# A New Synchronous-Asynchronous Mixed Pipeline Architecture with Clock-Gating

Duarte L. Oliveira<sup>1</sup>, Nicolly N. M. Cardoso<sup>1</sup>, Gracieth C. Batista<sup>1</sup>, Diego A. Silva<sup>1</sup>, Leonardo Romano<sup>2</sup>

<sup>1</sup>Divisão de Engenharia Eletrônica do Instituto Tecnológico de Aeronáutica – ITA – IEEA – SJC – São Paulo – Brazil <sup>2</sup>Departamento de Engenharia Elétrica – Centro Universitário da FEI – São Bernardo do Campo – São Paulo – Brazil

pepartamento de Engelmana Eletrica – Centro Universitario da FEI – São Bernardo do Campo – São Paulo – Brazi

Abstract-Digital systems design are usually synthesized in the synchronous paradigm using the global clock signal and they can be implemented in Field Programmable Gate Array (FPGA) and Very Large Scale Integration (VLSI) using Deep-Sub-Micron CMOS (DSM\_CMOS) technology. These digital designs implemented in DSM\_CMOS technology have the global clock signal as an obstacle which makes it difficult to comply with requirements, such as: performance, power consumption, reusability, etc.; because the wires have significant delays (latency). One solution is to synthesize modules that are insensitive to wires delays, that is, the module adapts to the latency of communication between the modules. In this paper, we propose a new pipeline architecture that is insensitive to latency because it has the property of elasticity, obtained by the pipeline asynchronous control responsible for the communication. Our pipeline can receive data at a frequency unrelated to the global clock signal. Through a case study, a Finite Impulse Response (FIR) filter of order five was used in reason to prove the efficiency of our proposal. Compared to a conventional synchronous pipeline, we achieved a throughput increase of up to 14.7% on Altera's FPGA platform.

*Keyword*— Elastic Circuits, STG specification, Adaptive to Latency.

### I. INTRODUCTION

Contemporary digital systems may require high integration capability, high performance, low power consumption [1,2]. They can be implemented in hardware (dedicated processors) plus software (programmable processors). General or dedicated processors, such as Digital Signal Processor (DSP), are mainly implemented in the pipeline architecture [3]. These systems are implemented in Verv Large Scale Integration (VLSI) and Field Programmable Array (FPGA), both in the Deep Sub-Micron CMOS (DSM CMOS) technology. This technology needs to operate with low noise and the difference between the maximum and minimum delay (in the wires and gates) is higher when compared to other CMOS technologies, and the delay in a wire can be greater than the delay in a gate [4].

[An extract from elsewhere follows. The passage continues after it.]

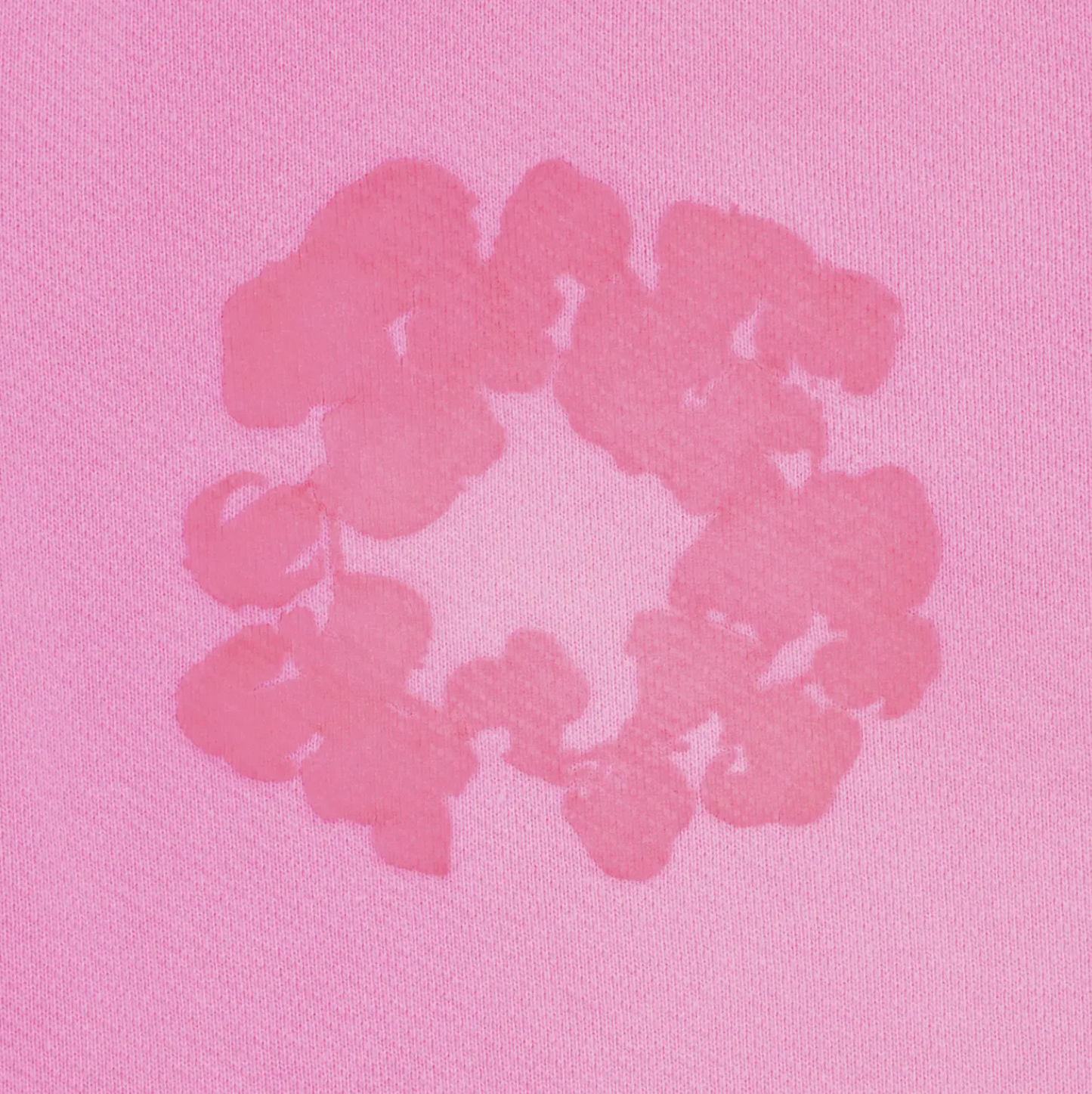 Denim Tears Mono Cotton Wreath Pink Sweatpants Size SM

Digital systems are traditionally designed in the synchronous paradigm, i.e., they use a global clock signal to synchronize their operations. In DSM-CMOS technology, a global clock signal requires attention due to the wires delays and power consumption. Besides these factors, the clock signal distribution is a task with increasing complexity due to the clock skew problem, which leads to a decrease in performance (latency and cycle times).

Fig. 1 shows six modules in an Integrated Circuit (IC) that operate with a global clock. In the past, data communication

between these modules could be done with a single clock cycle because the delays of data in wires could be neglected. In DSM-CMOS technology, the data in wires have significant delays, so transmitting data with a clock cycle leads to a strong reduction of the clock rate and increased clock skew [5].



Fig. 1. IC with six modules synchronized with global clock.

Carloni et al. [6,7] proposed a theory for the design of Latency-Insensitive (LI) synchronous circuits, also known as elastic synchronous circuits [8,9]. It explores some of the advantages of asynchronous projects, which is applied in synchronous systems to turn them into systems that are insensitive to latency. LI systems are systems that are insensitive to wire delays. For this purpose, LI protocol also known as an elastic protocol has been developed to synchronize handshake-like signals with the system global clock signal. LI design was introduced to help synchronous circuits to tolerate excessive latency (delay) from wires [4]. Therefore, LI theory has introduced a new synchronous design paradigm that allows transmitting data between the transmitter and receiver type modules using a number of clock cycles, where this number can be an integer or a rational number [10].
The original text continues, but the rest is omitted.